In what can only be called a stunning rebuke of APS’ request to charge solar array owners upwards of $100 per month and put an end to net metering and solar choice in Arizona, the Arizona Corporation Commission on Thursday voted 3-2 to institute a 70-cent per Kilowatt (kW) fee for new solar system owners installing systems after Jan 1, 2014. All current owners and those who install systems prior to December 31, 2013, will be protected from this new fee—at least until the next rate case when even more changes will be on the table. The vote came at the end of one day of public comment from Arizona business owners, investors and the public, and another full day of deliberation and discussion by the Commission, APS and interveners.
The 70-cent alternative to the APS proposal was the result of a collaborative effort by the solar industry and the Arizona Residential Utility Consumer Office (AZRUCO), an Arizona consumer watchdog group. They recognized the real damage implementing the APS proposal would have on Arizona businesses and jobs and found an interim solution that could alleviate some of the purported cost pressure for the time being and allow the parties to prepare for a more deliberate process during the next rate case.

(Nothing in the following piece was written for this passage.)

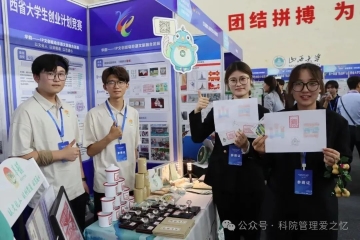 喜报 | Beat365官网“华韵——IP 文创驱动非遗文旅融合发展”项目斩获第十四届“挑战杯”山西省大学生创业计划竞赛金奖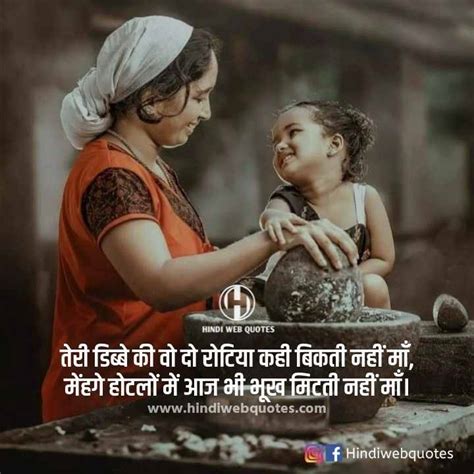 101 Best Mothers Day Shayari माँ शायरी Maa Shayari In Hindi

“We want to thank Chairman Stump and Commissioners Bob Burns and Susan Bitter Smith for being open to alternative ideas instead of sticking just to the APS proposals,” said Mark Holohan, AriSEIA President and Chairman. “This charge puts more pricing pressure on our industry because even if the average savings for solar array owners is $5 to $10 per month, this new payment to APS eliminates or cuts that savings in half. We’ll have to see how consumers respond to the new charge. Even though this is much less than the $50 or $100 per month charge APS wanted, it will have a significant impact on our industry. The upside is we can now slow down and have a rational discussion of the real impact of solar on utility costs in a rate case, which is the proper venue for this discussion.”
While the Commission, AZCC staff and AZRUCO found that a cost shift from solar to non-solar customers exists, AriSEIA does not believe the evidence presented at the open meeting or in support of the docket is strong enough to make such a direct connection. This belief is supported by the APS filing on Tuesday that shows the average residential solar system owner pays APS an average $71 per month in charges and fees.
“This is a significant admission on the part of APS,” said SouthFace Solar Electric owner and AriSEIA board member Corey Garrison, “because it shows that solar customers are paying to support connections to the grid. We have been saying there is no free ride and APS’ own submission shows this to be the case. We hope the Commission and their staff take note of this admission and reconsider this part of their decision.”